Parthenope, la película, es un festival de imágenes sorrentinianas y la actriz que interpreta a Parthenope un imán del que no puedes apartar la mirada y está ahí para eso. Mientras veía la película –mientras la miraba a ella desde la edad que tengo (aún no provecta, pero ya amenazante)– venían a mí los versos iniciales del Himno a la juventud, de Jaime Gil de Biedma: «¿A qué vienes ahora,/ juventud,/ encanto descarado de la vida?» Para acabar, a la salida del cine, con los versos finales del mismo poema: «Oh bella indiferente,/ por la playa camines como si no supieses/ que te siguen los hombres y los perros,/ los dioses y los ángeles/ y los arcángeles,/ los tronos, las abominaciones…»
Hasta aquí la única emoción real. Lo demás es una crítica que debemos, precisamente, al esplendor formal del cine de Sorrentino. Porque en ese deslumbramiento que producen la piel y la mirada de la sirena exiliada en el tiempo, algo falta en el discurso serpenteante y barroco del director italiano y la felicidad que nos ha dado en otras ocasiones… ¿qué ha ocurrido? Da la impresión de que a Sorrentino sólo le interesa extraer la belleza de la ciudad, incluso de su miseria, pero su retrato es por aproximación, un retrato que entra y sale, pero no se queda, un retrato merodeante, sucesión de impresiones que no llegan del todo a puerto. Quizá porque considera inaccesible el secreto que la mantiene viva a través de todos los tiempos y así lo muestra: inaccesible. Hay un cierto constreñimiento esteticista en él y no acaba por soltarse.
«El merodeo de Sorrentino nos deja a las puertas: de la ciudad y del disfrute imposible de la edad perdida»
Donde sí se suelta demasiado es en unos homenajes innecesarios –lo son porque en vez de homenajes suenan a copia– a Fellini, cuyo lenguaje es aquí deglutido, pero no digerido, y a Visconti, sobre todo.

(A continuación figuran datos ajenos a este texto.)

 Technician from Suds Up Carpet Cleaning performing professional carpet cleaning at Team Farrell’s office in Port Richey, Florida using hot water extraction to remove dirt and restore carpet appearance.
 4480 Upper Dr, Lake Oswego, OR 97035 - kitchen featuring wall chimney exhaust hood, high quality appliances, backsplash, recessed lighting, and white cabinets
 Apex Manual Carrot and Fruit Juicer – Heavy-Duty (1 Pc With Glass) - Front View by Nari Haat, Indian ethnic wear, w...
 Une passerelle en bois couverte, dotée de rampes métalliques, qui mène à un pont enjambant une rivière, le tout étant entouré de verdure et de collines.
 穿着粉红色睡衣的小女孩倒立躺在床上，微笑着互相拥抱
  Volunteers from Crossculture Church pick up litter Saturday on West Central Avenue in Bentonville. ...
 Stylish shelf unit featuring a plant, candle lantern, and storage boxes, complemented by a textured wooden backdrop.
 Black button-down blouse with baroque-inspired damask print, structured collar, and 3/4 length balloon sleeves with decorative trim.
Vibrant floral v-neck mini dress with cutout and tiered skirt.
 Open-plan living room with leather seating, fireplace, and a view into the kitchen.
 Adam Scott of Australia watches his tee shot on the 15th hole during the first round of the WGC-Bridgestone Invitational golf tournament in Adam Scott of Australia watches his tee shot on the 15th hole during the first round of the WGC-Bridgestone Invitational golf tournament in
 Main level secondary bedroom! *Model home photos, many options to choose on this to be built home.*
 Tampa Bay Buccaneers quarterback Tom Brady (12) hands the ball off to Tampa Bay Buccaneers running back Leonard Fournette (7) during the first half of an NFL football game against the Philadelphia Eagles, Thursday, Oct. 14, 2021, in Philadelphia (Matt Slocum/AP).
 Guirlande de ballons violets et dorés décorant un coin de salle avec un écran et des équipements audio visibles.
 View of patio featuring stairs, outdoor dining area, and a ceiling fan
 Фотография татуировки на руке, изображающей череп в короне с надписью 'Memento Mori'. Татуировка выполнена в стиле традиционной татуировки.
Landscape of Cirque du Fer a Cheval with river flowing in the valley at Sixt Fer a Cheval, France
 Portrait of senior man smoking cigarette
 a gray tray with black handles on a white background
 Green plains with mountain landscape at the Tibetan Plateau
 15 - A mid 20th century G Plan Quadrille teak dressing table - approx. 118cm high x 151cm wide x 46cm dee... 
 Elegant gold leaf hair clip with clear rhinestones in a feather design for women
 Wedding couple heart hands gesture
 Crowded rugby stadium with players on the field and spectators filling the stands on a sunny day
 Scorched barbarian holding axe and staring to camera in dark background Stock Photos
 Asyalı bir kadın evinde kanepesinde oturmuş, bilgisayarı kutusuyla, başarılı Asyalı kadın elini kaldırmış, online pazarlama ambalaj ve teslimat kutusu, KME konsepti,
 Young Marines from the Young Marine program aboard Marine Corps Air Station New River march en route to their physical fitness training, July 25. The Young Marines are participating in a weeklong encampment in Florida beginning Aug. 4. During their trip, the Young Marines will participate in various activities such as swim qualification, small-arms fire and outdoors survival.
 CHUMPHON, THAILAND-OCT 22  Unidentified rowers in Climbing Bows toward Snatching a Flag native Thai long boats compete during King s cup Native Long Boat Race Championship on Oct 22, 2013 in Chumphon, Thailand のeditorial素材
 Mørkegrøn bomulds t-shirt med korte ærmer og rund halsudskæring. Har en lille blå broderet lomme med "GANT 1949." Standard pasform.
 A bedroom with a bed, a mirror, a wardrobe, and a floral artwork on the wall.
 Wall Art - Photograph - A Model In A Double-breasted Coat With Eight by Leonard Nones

La escena del baile a tres es el calco del mismo baile en Confidencias y eso es imperdonable: en esa maravillosa escena no tendría que haber metido mano nunca. Si Burt Lancaster levantara la cabeza… Y lo que hace en Capri con el escritor John Cheever –que más parece un Aschenbach hortera que el propio Cheever– no tiene nombre, por muy Gary Oldman que lo represente entre tanto topicazo como botellas vacías.
Dicho esto, que el poeta Quirante resume como «falta de nervio moral» (sic), la película –su sucesión de imágenes– es grata de ver. Porque Parthenope es una película hecha para seducir a través del personaje que lleva su nombre y del que, lo hemos dicho, es difícil apartar la mirada y eso es lo que quiere el director italiano. Pero el merodeo de Sorrentino nos deja a las puertas: de la ciudad y del disfrute imposible de la edad perdida. Si en Juventud hizo un ejercicio magistral sobre lo que representa la pérdida del instinto y fuerza creativa –el agotamiento del eros artístico en paralelo a la pérdida del deseo– el problema que presenta en Parthenope da la impresión de que le cae lejos. En fin, Parthenope o Nápoles la inaccesible.